Undoubtedly one of the most influential figures in human history, Charles Darwin (1809-1882) was an English naturalist and geologist best known for his contributions to evolutionary theory, pursuant to which he argued that all species of life descended from common ancestors and that this evolutionary pattern resulted from a process that he called “natural selection.” He published his theory in the monumental On the Origin of Species (1859), one of the most seminal scientific works of all time, which even to date is the unifying theory of the life sciences.
After Darwin published Origin of Species, many translators and publishers vied to capitalize on his growing fame. Darwin favored Swiss zoologist and paleontologist Charles Forsyth Major (1843-1923) to translate The Expression of the Emotions in Man and Animals, but Major was apparently playing hard to get with respect to the assignment.
Pictured with this column is the February 11, 1873 correspondence to Major, Darwin essentially threatens to award the translation project to (gasp!) a Jew:
I am very much obligated for your note, and I am sorry that you had so much trouble and have given up the intention of bringing out a translation. I will write by this post to the Jewish gentleman and inquire whether he still wishes to translate my book.
Expression of Emotion (1872), which continued Darwin’s attempt to address questions of human origins and human psychology using his theory of evolution by natural selection, was his groundbreaking work on how animals and humans express emotions using the muscles, tissues, and bone provided by nature. Even today it still provides the point of departure for research on the theory of emotion and expression.
While it is not the purpose of this article to present a dissertation on the Torah’s views on evolution, suffice it to say this is a very controversial topic and that strong arguments exist on both sides.
With the advent of Darwin’s theories, the Jewish community found itself engaged in controversy regarding the apparent dissonance between Jewish theology and modern science. Although many believe evolution is wholly inconsistent with belief in a Creator and is contrary to the Genesis creation narrative, important Jewish authorities, including the Netziv, have maintained that evolutionary theory, properly understood, is not incompatible with fundamental Jewish belief and that traditional Jewish texts are reconcilable with modern scientific findings concerning evolution.
Thus, Rav Shimshon Raphael Hirsch, while carefully noting that he did not personally agree with Darwin’s theory and that it had never been empirically proven, wrote that evolution through natural selection presents no challenge to Jewish theology because it would mean only that Hashem, rather than creating a multiplicity of species, had instead brought the incredible diversity of life into existence through the creation of a singular life-form accompanied by a divine law of adaptation.

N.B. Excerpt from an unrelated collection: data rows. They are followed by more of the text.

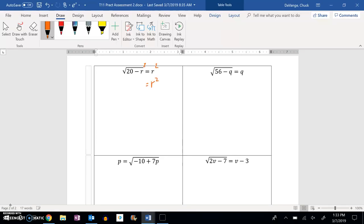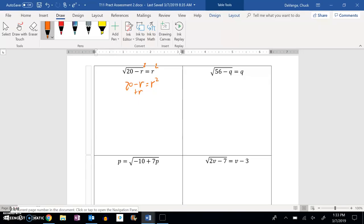So I have R squared equals 20 minus R. And this is a quadratic. So let me get it equal to 0. So if I add R and subtract 20 from each side, I end up with 0 equals R squared plus R minus 20.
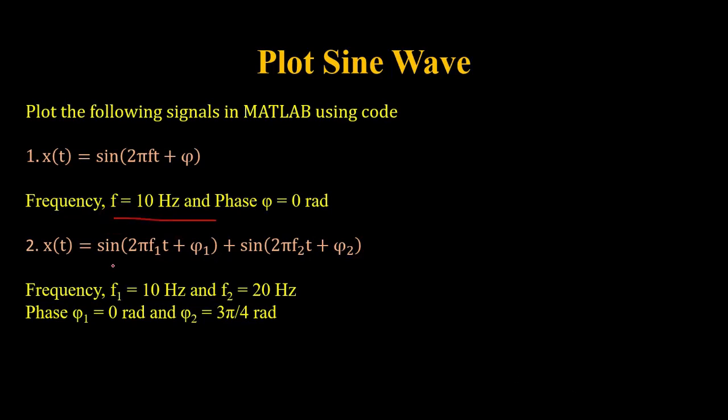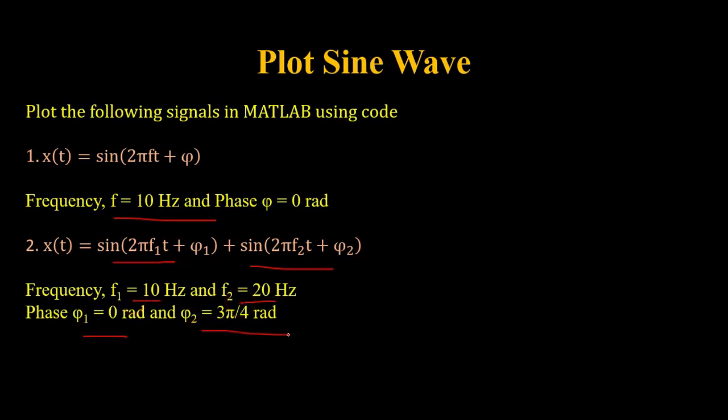In the second task we will plot a time domain signal which is the sum of two sine waves, where the first signal has a frequency of 10 Hertz and zero phase, and the second sine wave has a frequency of 20 Hertz and phase is 3pi by 4.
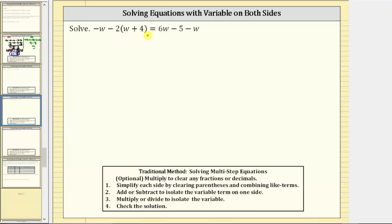Welcome to an example on how to solve a linear equation in one variable with variables on both sides and parentheses. It's important to remember, as we go through the solution process, whatever operation we perform on one side of the equation, we must also perform on the other, so the result is an equivalent equation.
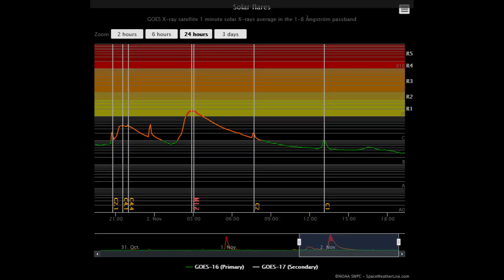Starting off today with the solar flare classification chart, looking at the last 24 hours of solar activity. Around three o'clock UTC time, there were two M-class flares back-to-back.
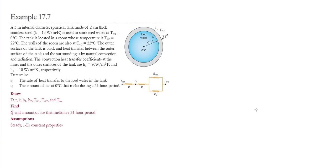Example 17.7. In this example, we have a spherical tank of 3 meters in diameter with a thickness of 2 centimeters made out of stainless steel, used to store ice water at 0°C. The tank is located in a room whose temperature is 22°C, as well as the wall. The outer surface of the tank is black, and heat transfer between the outer surface and the surroundings occurs by natural convection and radiation. The convection heat transfer coefficients at the inner and outer surfaces are 80 and 10 W/m·K respectively. We need to determine the rate of heat transfer to the ice water and the amount of ice at 0°C that melts in 24 hours.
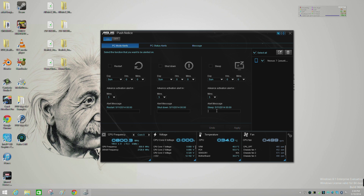You can click into those boxes and type something in — like 'Hey man, how are you doing? Your computer must sleep,' or whatever it might be. You can see right here we have the actual notification of the device we currently have linked into AI Suite 3 — this ASUS Nexus 7 right here.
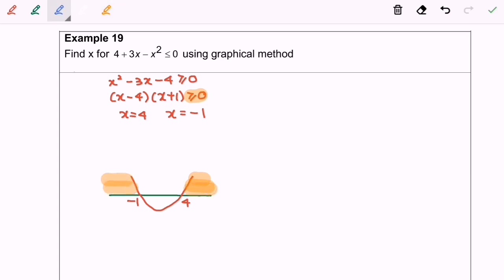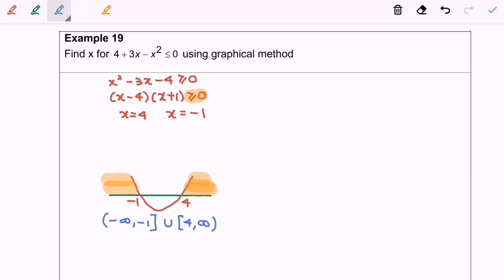So I'm going to write down my final answer. Negative infinity until negative 1, where negative 1 is included, union start from 4 until infinity. This will be the interval form. And the following is the set notation.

Some evidence exists that Darwin received direct support from Jewish leaders emphasizing that his theory of evolution is entirely consistent with scripture. In one of the few recorded incidents evidencing Darwin’s contact with Jews, Naphtali Lewy (or “Halevi”), a noted writer, sent him a cover letter and his book, Toldot Adam, in which he argued that the subtleties of Hebrew vocabulary and the choice of particular Hebrew words in the Torah favored evolution, as did some passages in the Midrash Rabbah and the Talmud. As Darwin could not read Hebrew, he arranged for its translation and the letter, translated by an unknown “learned rabbi,” is in the Darwin collection at the Cambridge University library. In The Life and Letters of Charles Darwin, Darwin boasted that that “even an essay in Hebrew has appeared on it, showing that the theory is contained in the Old Testament” and, though he did not specifically cite the essay, he may well have been referring to Toldot Adam.